▶ _To do_:
What you give back must match the data character for character.

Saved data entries
━━━━━━

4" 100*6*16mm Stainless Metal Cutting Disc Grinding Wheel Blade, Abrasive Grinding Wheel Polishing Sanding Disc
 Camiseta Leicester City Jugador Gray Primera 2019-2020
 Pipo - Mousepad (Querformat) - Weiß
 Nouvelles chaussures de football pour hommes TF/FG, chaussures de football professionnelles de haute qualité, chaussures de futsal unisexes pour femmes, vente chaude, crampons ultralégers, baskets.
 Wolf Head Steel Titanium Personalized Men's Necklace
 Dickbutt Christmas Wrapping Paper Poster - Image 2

━━━━━━

▶ _Answer box_:
4" 100*6*16mm Stainless Metal Cutting Disc Grinding Wheel Blade, Abrasive Grinding Wheel Polishing Sanding Disc
 Camiseta Leicester City Jugador Gray Primera 2019-2020
 Pipo - Mousepad (Querformat) - Weiß
 Nouvelles chaussures de football pour hommes TF/FG, chaussures de football professionnelles de haute qualité, chaussures de futsal unisexes pour femmes, vente chaude, crampons ultralégers, baskets.
 Wolf Head Steel Titanium Personalized Men's Necklace
 Dickbutt Christmas Wrapping Paper Poster - Image 2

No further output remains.